Asplundh Tree Expert Co., one of the largest privately owned corporations in the country, with 30,000 employees and 3.5 billion in annual sales, according to Forbes, has been ordered to pay $95 million in the largest fine against a company for hiring thousands of immigrants who did not have permission to work in the U.S., according to federal officials. Asplundh, a 90-year-old, family-owned company that employs 30,000 workers in the U.S., Canada, Australia, and New Zealand, clears brush and vegetation from electric and gas lines and holds many municipal, state, and federal contacts.
According to the U.S. attorney's office in Philadelphia, Asplundh employed thousands of undocumented workers between the years of 2010 and 2014 with its top management remaining "willfully blind" while lower level managers hired and rehired employees they knew to be ineligible to work in the United States," the office said. In addition to having to forfeit $80 million, Asplundh will pay a $15 million civil penalty for not complying with immigration law. Asplundh employed thousands of undocumented workers between 2010 and 2014 with its top management remaining "willfully blind" while lower-level supervisors hired people they knew were in the country illegally to maximize profit.
Homeland Security Investigations began auditing Asplundh Tree Experts on Nov. 19, 2009 to make sure the company complied with federal laws regarding the hiring of immigrants.
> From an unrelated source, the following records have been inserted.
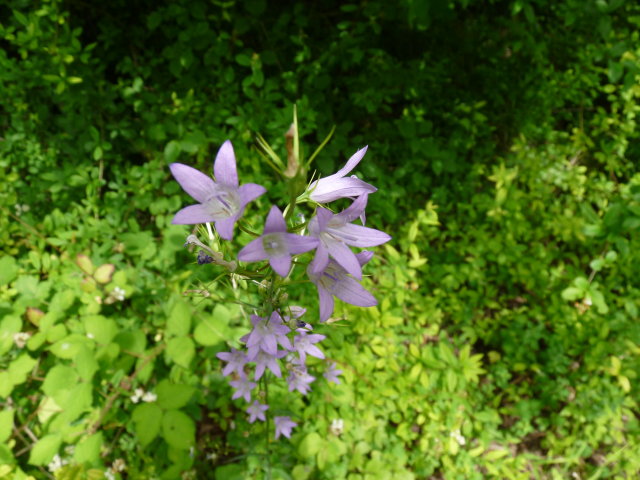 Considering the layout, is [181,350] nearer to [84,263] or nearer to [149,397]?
[149,397]

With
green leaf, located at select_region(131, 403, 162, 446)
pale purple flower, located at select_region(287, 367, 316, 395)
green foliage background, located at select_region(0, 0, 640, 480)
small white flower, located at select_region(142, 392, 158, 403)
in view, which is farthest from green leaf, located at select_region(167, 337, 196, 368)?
pale purple flower, located at select_region(287, 367, 316, 395)

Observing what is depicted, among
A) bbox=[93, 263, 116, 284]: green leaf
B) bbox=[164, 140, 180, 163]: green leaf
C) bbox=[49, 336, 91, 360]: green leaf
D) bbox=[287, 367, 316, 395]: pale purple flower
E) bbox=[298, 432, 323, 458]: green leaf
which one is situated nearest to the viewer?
bbox=[287, 367, 316, 395]: pale purple flower

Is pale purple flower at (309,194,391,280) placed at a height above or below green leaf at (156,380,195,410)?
above

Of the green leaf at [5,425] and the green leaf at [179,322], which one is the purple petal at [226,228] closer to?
the green leaf at [179,322]

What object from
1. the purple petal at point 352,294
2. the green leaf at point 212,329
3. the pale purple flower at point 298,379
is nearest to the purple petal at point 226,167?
the purple petal at point 352,294

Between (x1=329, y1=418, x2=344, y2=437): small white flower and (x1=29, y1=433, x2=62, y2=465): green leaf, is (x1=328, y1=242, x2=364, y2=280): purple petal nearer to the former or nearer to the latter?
(x1=329, y1=418, x2=344, y2=437): small white flower

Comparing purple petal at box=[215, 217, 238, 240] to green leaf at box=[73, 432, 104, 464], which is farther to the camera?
green leaf at box=[73, 432, 104, 464]

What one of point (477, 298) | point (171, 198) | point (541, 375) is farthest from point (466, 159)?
point (171, 198)

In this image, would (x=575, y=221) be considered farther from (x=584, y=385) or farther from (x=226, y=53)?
(x=226, y=53) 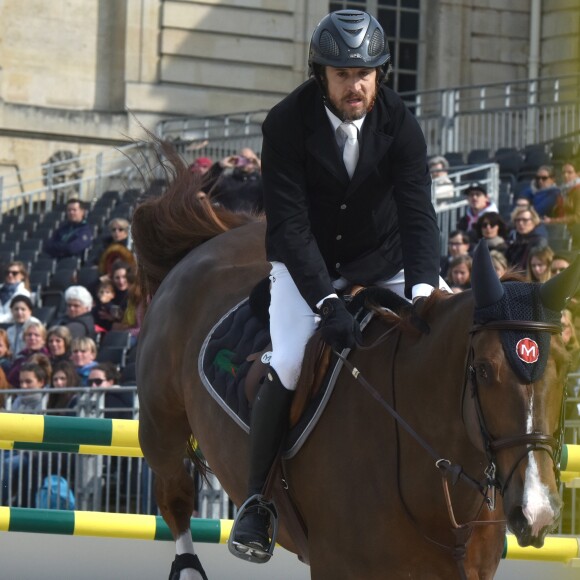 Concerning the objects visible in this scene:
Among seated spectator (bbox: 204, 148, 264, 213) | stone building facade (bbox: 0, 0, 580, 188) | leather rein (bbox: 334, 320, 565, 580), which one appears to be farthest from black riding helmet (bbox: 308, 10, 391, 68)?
stone building facade (bbox: 0, 0, 580, 188)

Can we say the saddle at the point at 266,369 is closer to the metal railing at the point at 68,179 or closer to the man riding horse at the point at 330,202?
the man riding horse at the point at 330,202

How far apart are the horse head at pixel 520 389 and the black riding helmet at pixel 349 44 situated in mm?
1140

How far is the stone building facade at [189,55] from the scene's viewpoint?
1008 inches

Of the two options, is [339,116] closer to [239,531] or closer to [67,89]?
[239,531]

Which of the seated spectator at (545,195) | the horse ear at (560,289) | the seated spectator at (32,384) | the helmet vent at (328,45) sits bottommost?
the seated spectator at (32,384)

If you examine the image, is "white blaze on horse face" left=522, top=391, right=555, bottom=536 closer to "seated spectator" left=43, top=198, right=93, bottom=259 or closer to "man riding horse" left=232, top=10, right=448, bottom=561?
"man riding horse" left=232, top=10, right=448, bottom=561

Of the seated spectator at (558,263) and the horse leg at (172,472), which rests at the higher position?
the seated spectator at (558,263)

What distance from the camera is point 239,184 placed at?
13.0 m

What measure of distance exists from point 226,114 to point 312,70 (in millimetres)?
18595

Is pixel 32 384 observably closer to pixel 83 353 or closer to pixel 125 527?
pixel 83 353

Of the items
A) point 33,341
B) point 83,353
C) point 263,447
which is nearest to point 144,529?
point 263,447

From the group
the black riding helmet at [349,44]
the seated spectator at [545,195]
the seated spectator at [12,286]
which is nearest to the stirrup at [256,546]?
the black riding helmet at [349,44]

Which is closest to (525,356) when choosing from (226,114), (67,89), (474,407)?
(474,407)

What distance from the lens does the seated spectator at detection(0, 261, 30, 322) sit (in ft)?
50.8
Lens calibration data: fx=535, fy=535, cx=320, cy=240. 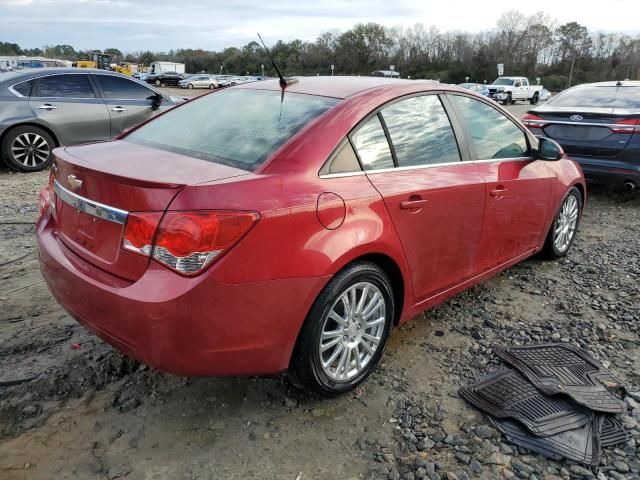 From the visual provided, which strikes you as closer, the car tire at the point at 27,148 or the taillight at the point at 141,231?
the taillight at the point at 141,231

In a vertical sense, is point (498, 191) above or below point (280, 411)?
above

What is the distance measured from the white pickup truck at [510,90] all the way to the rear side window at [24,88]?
A: 111ft

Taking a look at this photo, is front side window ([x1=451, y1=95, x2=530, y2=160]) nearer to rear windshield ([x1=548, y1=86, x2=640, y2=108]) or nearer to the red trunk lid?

After being given a list of names, Asplundh fired hundreds of its employees who were ineligible to work in the U.S. Others quit before they could be terminated. After acting like it was complying with HSI demands, Asplundh instead doubled down on its illegal practices, according to federal authorities. Many of the some employees Asplundh had just let go were re-hired under different names using fake or illegally obtained documents. One of its regional managers, Larry Gauger, even went so far as to tell supervisors who worked under him that they had "plausible deniability" because their illegally obtained social security numbers would be positive matches in the E-verify database, court papers state. Gauger has pleaded guilty and is scheduled to be sentenced next month.
"This decentralized model tacitly perpetuated fraudulent hiring practices that, in turn, maximized productivity and profit," prosecutors said in a statement. "With a motivated workforce, including unauthorized aliens willing to be relocated and respond to weather-related events around the nation, Asplundh had crews which were easily mobilized that enabled them to dominate the market."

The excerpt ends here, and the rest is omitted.